Kerutan di kening Langit semakin dalam. Alih-alih mengikuti keinginan Liv, cowok itu mengalihkan pandangan. Dia bersikap dingin seperti biasa. Langit benar-benar tidak ingin terlibat lebih jauh dengan cewek berisik itu. Mereka hanya kebetulan bermukim di kompleks perumahan yang sama, juga dikelompokkan untuk mengerjakan tugas bersama. Itu tidak berarti mereka harus mengakrabkan diri, apalagi menjadi teman.
"Langit," panggil Liv.
Yang dipanggil tetap diam.
"Dasar orang pelit.... Gue sumpahin sembelit!" gerutu Liv.
Hening sesaat.

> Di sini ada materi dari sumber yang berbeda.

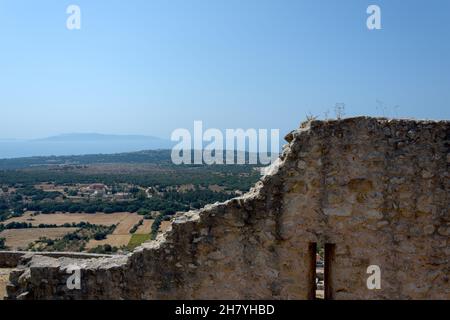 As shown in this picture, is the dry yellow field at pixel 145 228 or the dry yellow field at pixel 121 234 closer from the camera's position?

Langit berpikir cewek itu akhirnya menyerah. Terlalu lelah menghadapi orang seperti dirinya. Namun, tak lama kemudian, Liv kembali bersuara.
"Lo pindahan dari mana, sih? Kampung yang ada di pelosok, ya? Makanya irit omong gini?" tanya cewek itu.

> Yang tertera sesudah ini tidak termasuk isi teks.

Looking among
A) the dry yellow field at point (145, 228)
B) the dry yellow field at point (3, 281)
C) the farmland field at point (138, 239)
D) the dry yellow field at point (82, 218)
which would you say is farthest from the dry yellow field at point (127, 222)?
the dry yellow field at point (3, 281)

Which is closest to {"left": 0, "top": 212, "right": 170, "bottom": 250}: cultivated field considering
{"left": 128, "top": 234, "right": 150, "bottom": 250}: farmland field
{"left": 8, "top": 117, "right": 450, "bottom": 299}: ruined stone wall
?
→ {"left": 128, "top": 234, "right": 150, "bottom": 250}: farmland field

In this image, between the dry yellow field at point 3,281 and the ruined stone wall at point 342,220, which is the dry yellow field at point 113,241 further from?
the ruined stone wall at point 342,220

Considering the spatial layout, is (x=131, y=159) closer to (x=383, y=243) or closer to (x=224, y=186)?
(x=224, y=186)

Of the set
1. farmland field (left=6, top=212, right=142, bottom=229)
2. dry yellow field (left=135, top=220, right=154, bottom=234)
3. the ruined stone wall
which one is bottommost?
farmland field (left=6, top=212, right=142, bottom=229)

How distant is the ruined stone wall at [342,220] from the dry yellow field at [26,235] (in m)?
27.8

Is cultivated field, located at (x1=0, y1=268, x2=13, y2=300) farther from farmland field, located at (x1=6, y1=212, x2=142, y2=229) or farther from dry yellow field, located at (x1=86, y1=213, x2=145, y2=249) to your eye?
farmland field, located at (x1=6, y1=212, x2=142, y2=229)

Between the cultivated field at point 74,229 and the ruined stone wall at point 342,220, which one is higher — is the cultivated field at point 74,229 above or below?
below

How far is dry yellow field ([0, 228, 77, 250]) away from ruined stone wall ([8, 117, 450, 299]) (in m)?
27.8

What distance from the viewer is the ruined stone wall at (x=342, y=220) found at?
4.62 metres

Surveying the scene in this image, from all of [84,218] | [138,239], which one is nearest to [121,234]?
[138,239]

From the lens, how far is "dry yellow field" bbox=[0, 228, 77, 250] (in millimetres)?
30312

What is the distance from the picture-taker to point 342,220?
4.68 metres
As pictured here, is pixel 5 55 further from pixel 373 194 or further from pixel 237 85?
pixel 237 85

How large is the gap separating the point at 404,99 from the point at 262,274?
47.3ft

Ketika Langit tidak juga bereaksi, cewek itu melanjutkan, "Lo tahu, orang yang kurang bersosialisasi bisa susah cari kerja nanti. Bokap gue bilang gitu. Kunci utama sukses adalah sosialisasi. Juga sopan! Kalau ditanya orang, minimal jawab ya atau nggak biar orang yang nanya nggak tersinggung."
Langit menggertakkan gigi, tetapi tetap tidak bersuara.

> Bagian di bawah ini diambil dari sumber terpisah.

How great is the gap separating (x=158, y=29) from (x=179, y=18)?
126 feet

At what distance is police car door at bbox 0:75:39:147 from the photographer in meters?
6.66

"Kerja kelompok berikutnya di rumah lo lagi, ya? Gue pengin makan sama Oma."
Kali ini, Langit menoleh. Kedua mata hitamnya menatap Liv tajam.
"Apa?" sahut Liv dengan wajah tak berdosa. "Oma nggak keberatan."
"Lo nggak punya kerjaan selain ganggu gue?" balas Langit datar.
"Sekarang? Nggak ada," jawab Liv polos.
Menghela napas, Langit kembali mengalihkan pandangan.
Cewek berisik ini bikin pusing, gerutunya dalam hati. Dari mana, sih, dia dapat energi sebanyak itu buat gangguin gue?
"Pandu Bangsa!"
Seruan kondektur membuat Liv mengurungkan keinginannya untuk bertanya lagi. Dia turun dari bus, disusul Langit.
"Oh ya, dengar-dengar guru Matematika kita itu Bu Amy. Supergalak. Atribut harus lengkap selama jam pelajaran dia. Lo bawa dasi, kan?" kata Liv sambil berjalan di samping Langit.
Tidak ada jawaban, dan jika melihat wajah Langit yang tetap seperti biasa, Liv menyimpulkan bahwa cowok itu membawanya.
"Besok gue bakal beli kanvas, cat air, kuas, dan lain-lain. Lo harus nganterin gue," ucap Liv. "Langit? Lo dengar?"
Tidak ada tanggapan.
Liv berjinjit, lalu berteriak tepat di telinga Langit. "Besok beli peralatan buat tugas!"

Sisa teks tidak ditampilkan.